One of the cruel ironies of cognitive impairment, whether it’s due to dementia, stroke or some other condition, is that the individual is deprived of the fully functioning brain needed to have insight into their own limitations. But as in this case, close family members often are also unable to see it. Why is this so? Usually it is because of a combination of several factors, such as
• A desire to continue viewing the loved one as capable
• A fear of progressive reduced mental capacity in future
• The increased dependence of the senior
• The need for them to assume more responsibilities in caring for the elder
• The needed change in their relationship with the senior
• Fear of how to help the senior cope with all the changes
• Uncertainty of all the unknowable implications both now and in future
I see DENIAL at work every day among both seniors and family members. I have come to view it as a very normal human response to the sometimes slowly encroaching, difficult-to-identify aspects of aging. But which of us are immune from the denial trap? Two more examples:
• A professional in our field, a woman with decades of experience in helping seniors, was relating her concerns about her own mother, when it became clear that the senior was experiencing hallucinations, but the daughter couldn’t see it. A senior services professional!
• A published op-ed piece a year ago related the story of a man who had won a Nobel prize in economics, but in his senior years had gambled, given away or been scammed out of his personal fortune before his family realized that he was making terrible financial decisions.
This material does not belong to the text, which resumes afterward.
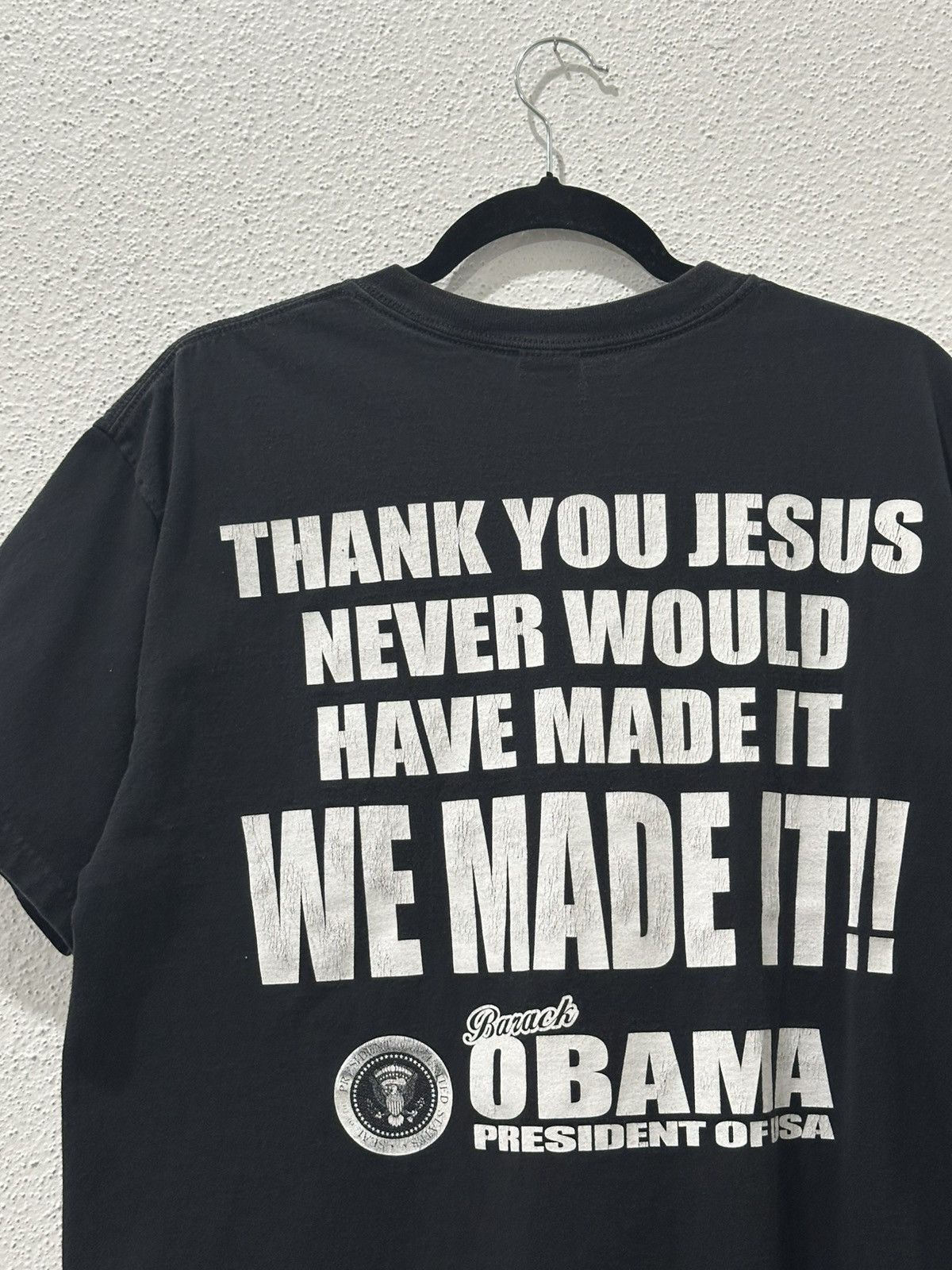 Rap Tees Barrack Obama “We Made It” Rap Tee Men’s Large Anvil Red Bar Size US L / EU 52-54 / 3 - 5 Thumbnail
Who was his son? A PhD economist!
So now we come to my sobering realization: it could happen to me, too. What makes me think that I won’t be victim of the same denial trap? How will my wife and I know when the time has come to cede a little control? To give up the car keys? To turn over finances to others? To have home care of our own? Will we be the lucky ones who retain full mental functioning until the end? Or will we experience mental decline? If the latter, will one of us be able to take care of the other? Or will it happen to both of us concurrently? When one of us dies, will the survivor need help in unforeseen ways? Will our children (now in only their 20s) be endowed with the wisdom to see our decline with clear eyes, or will they engage in denial like so many do? Will we have the necessary relationships of trust with people who are able to see our need for help, and take the necessary actions?
How do we take steps in the coming years to insure a desirable answer to these questions?